Monday, April 18, 2011


It's holy week. The pace of Jesus' life and ministry on earth moved something like a horse picking up speed.  It begins with a word and a song--to a young girl, and bursting from her in response.  And slows to wait--as life always does--through the nine months it takes to incubate within the safest place a person ever lives, protected on every side by his mother's body.  There are a few bumps in his early life, if one can call having to flee a tyrant who wants to kill him (and successfully murders every other male child his age in town) and settling in the far-off (but history-mimicking) nation of Egypt a mere bump, but generally speaking, this God-man Incarnate's early life was so calm and smooth-sailing we know only one thing about it.  Only that one 'look-in' in his twelfth year, when He stayed in the temple bewildering even scholars by what He understood/knew about His father. That look in only confirmed that He was growing in wisdom and stature, pleasing both God and man at exactly the pace of every human being.  Years were simply years, no faster, no more miraculous than that.

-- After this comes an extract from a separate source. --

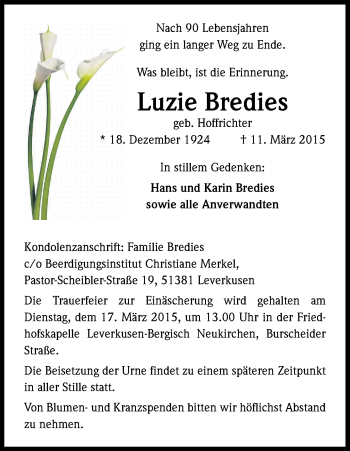 Anzeige von Luzie Bredies von Kölner Stadt-Anzeiger / Kölnische Rundschau / Express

Thirty years in, which is far later than we expect our sons and daughters to begin their lives and livelihood, but oddly, at exactly the age my daughter recently learned that a male's brain finally finishes maturing (a female's is earlier, but that has no bearing here), our hero (and indeed, isn't He the only ABSOLUTE hero who's every lived?) begins His work.  To use our analogy, the horse begins to trot.  Truth is expounded and miracles abound.  Every action is purposeful, every word intentional.  His movement geographically (or sometimes lack of) might confound His followers, but He knows what He's about. Profoundly, He knows! (Are you enjoying my word choices--expound, abound, confound?  In our family, we like to play a game where we think of as many words we can with the same endings...and sometimes I just can't help myself, it tips over into my writing).

His face, the gospels remind us frequently, is set toward Jerusalem.  Toward this week.   This week, in the life of the Incarnate, reminds me a little like the Suicide Race held each year in the great northern middle-of-nowhere in this state where there's nothing much else to do but to climb on your horse and ride down the steep (33 degrees!!!) hill at a breakneck pace. Gee, sounds like fun. 

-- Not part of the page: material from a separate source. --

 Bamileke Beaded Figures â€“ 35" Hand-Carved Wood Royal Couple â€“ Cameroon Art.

But this is what Jesus' last week was a little like.  It was a steep down-hill gallop toward that steep hill up to the cross.  And more happened in that one week than had happened in the rest of his life on earth combined.  What am I saying?  Of course more happened then.  It was the climax, after all.  The place and event and moment toward which He was always moving, always. 
So at the same breakneck speed, we move through these cataclysmic events, these seven days that change the world.  After the first seven, no other week in history have held more, and meant more to all eternity.
With purpose in his stride, and some well-placed anger in His voice, He turns the wrath of Himself on His Father's house, the very place where folks, 20 years earlier, had first sat up and took notice of Him, first heard Him call it, "My Father's house." I'm sure, as He stood in that marketplace of a Temple He was remembering the sweetness of sitting with the older, learned men and talking with them about the mysteries of God.  Remembering, too, the day when Solomon finished building that temple, and the ones when the place of worship was a tabernacle in the wilderness.  All of those memories were present to Him when He blew up, as it were, at what that Holy place had become.  Of course He blew up, and of course it was right.  If we want to understand righteous anger, we must look at Jesus in the temple.  And stand a moment in His shoes. 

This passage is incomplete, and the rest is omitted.